• **Task goal**
Using the data below, return word for word every line from the one holding "Décor D'Halloween Effrayant" down to the one holding "ChatGPTで新学期準備がラクに！三姉妹ママのAI活用術5選". Leave pictures out.

• **Data for review**

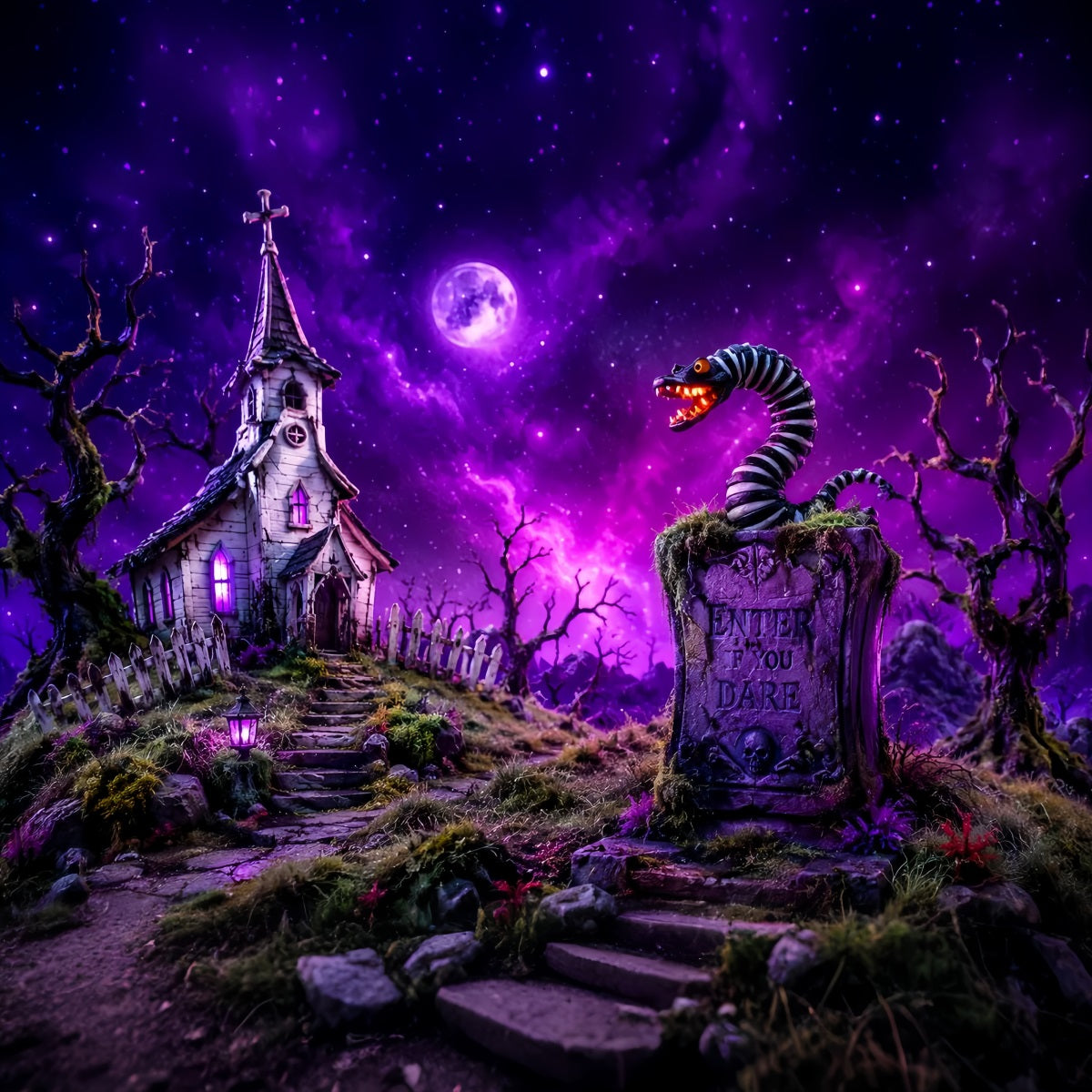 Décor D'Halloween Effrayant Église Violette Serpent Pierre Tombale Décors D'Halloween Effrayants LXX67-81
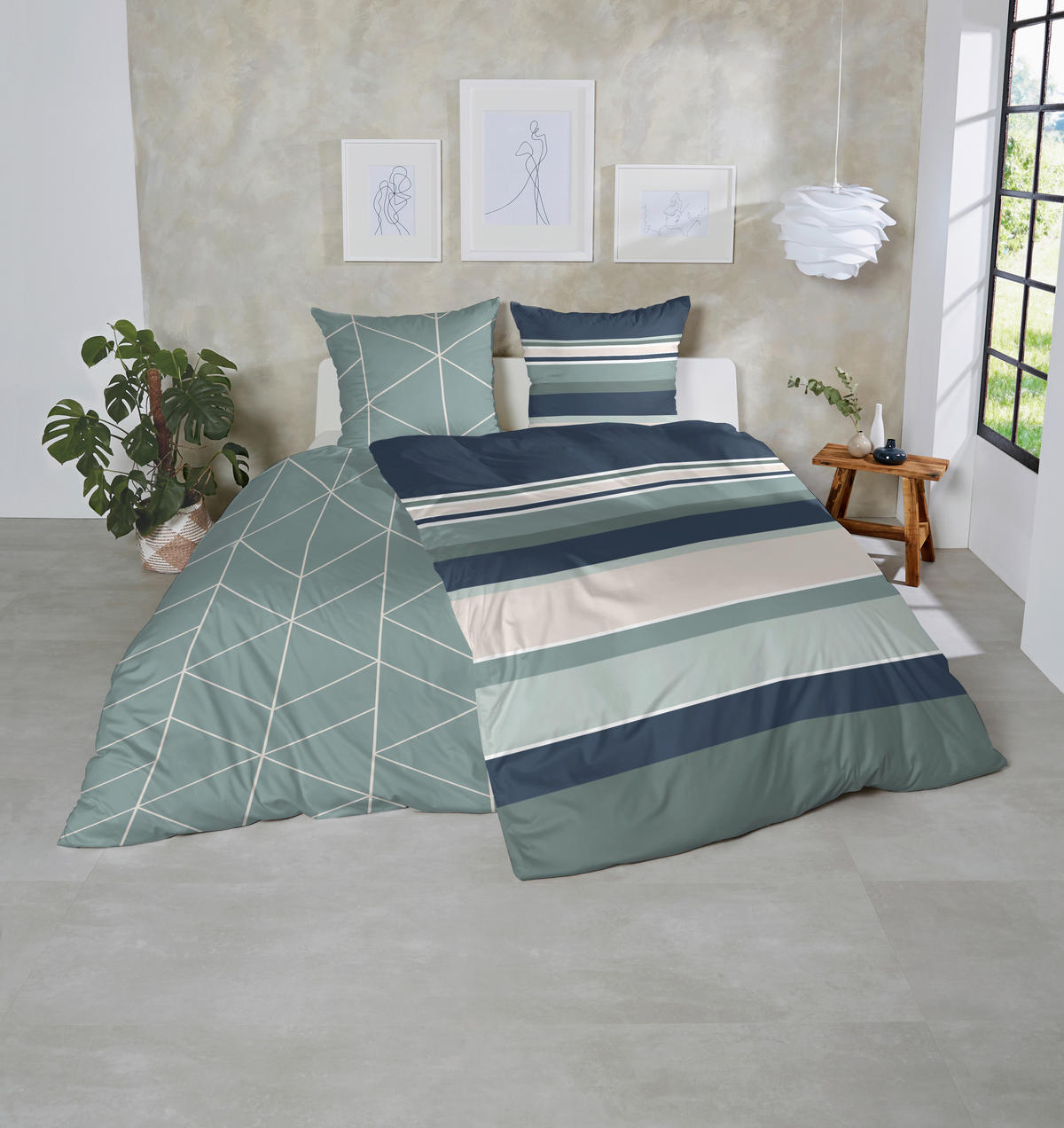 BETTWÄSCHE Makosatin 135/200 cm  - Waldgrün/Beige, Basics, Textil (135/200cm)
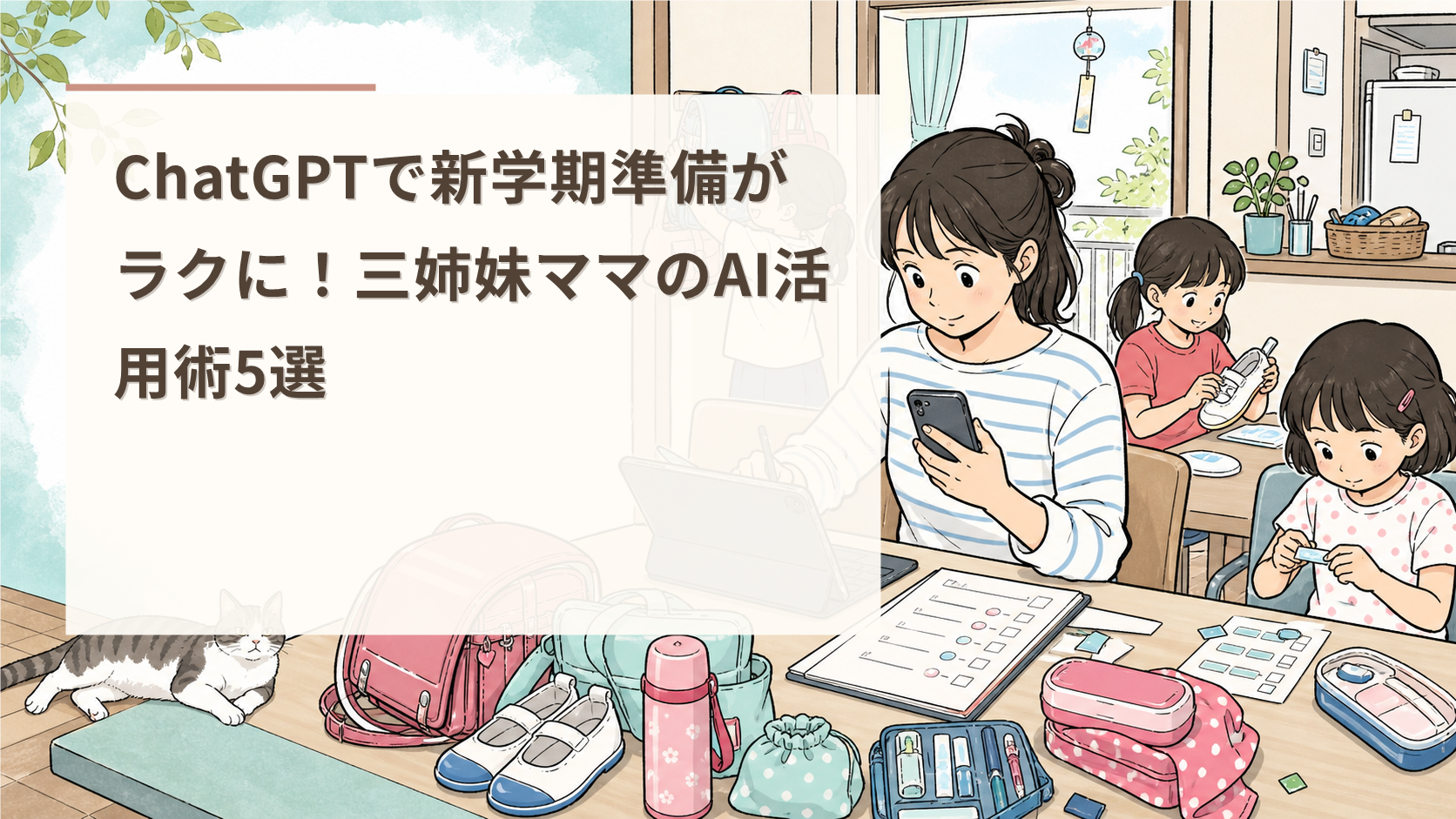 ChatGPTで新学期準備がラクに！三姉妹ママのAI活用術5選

==

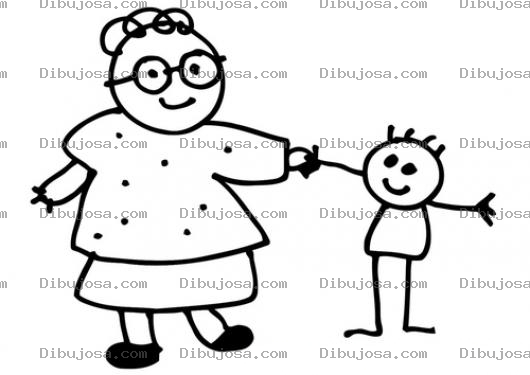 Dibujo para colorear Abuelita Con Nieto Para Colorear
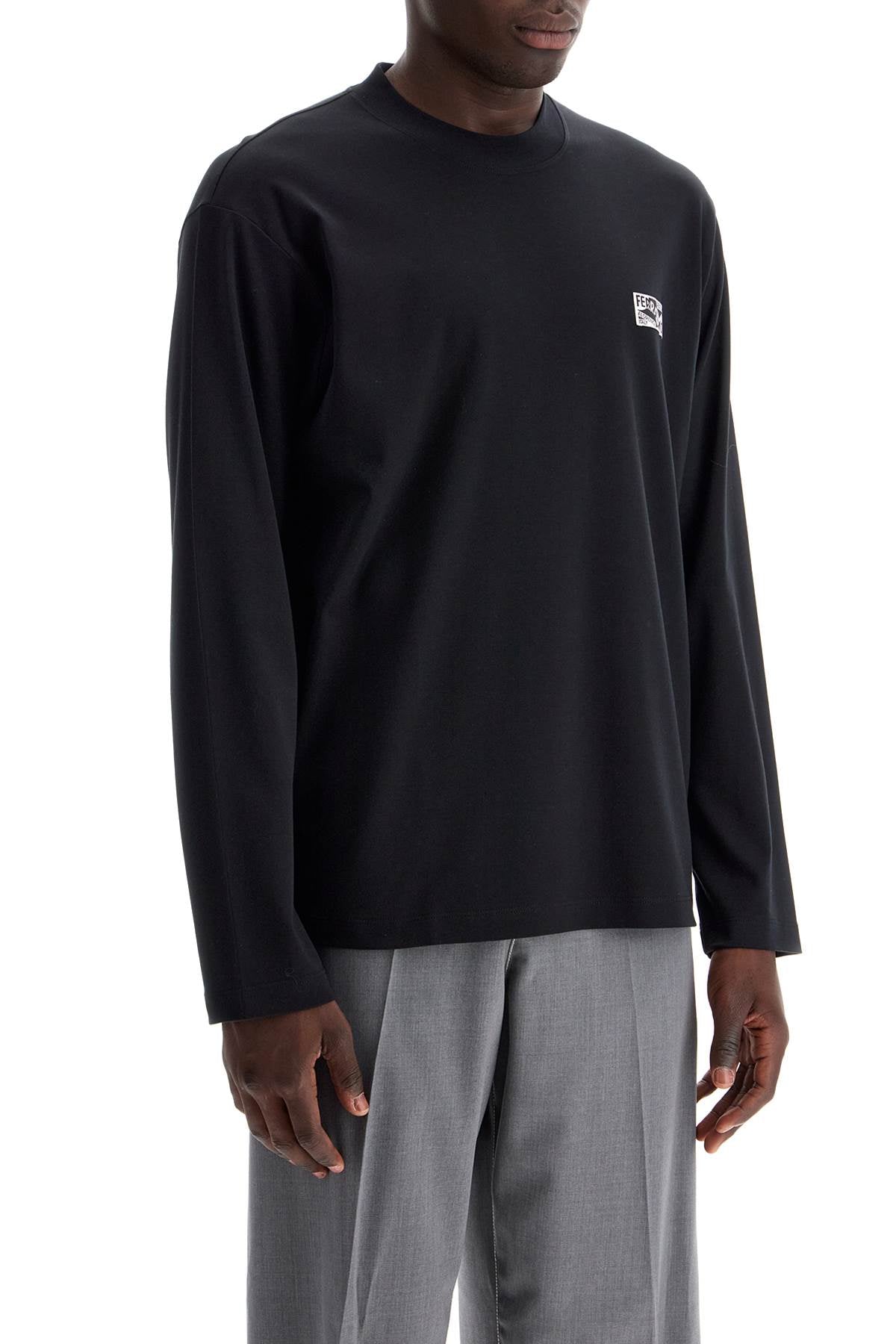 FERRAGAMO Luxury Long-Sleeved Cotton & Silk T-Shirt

* * *

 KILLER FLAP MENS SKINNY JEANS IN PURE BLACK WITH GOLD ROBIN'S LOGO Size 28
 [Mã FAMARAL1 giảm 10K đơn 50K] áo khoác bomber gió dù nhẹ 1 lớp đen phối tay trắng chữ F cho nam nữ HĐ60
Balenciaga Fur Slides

• **Task answer**
 Décor D'Halloween Effrayant Église Violette Serpent Pierre Tombale Décors D'Halloween Effrayants LXX67-81
 BETTWÄSCHE Makosatin 135/200 cm  - Waldgrün/Beige, Basics, Textil (135/200cm)
 ChatGPTで新学期準備がラクに！三姉妹ママのAI活用術5選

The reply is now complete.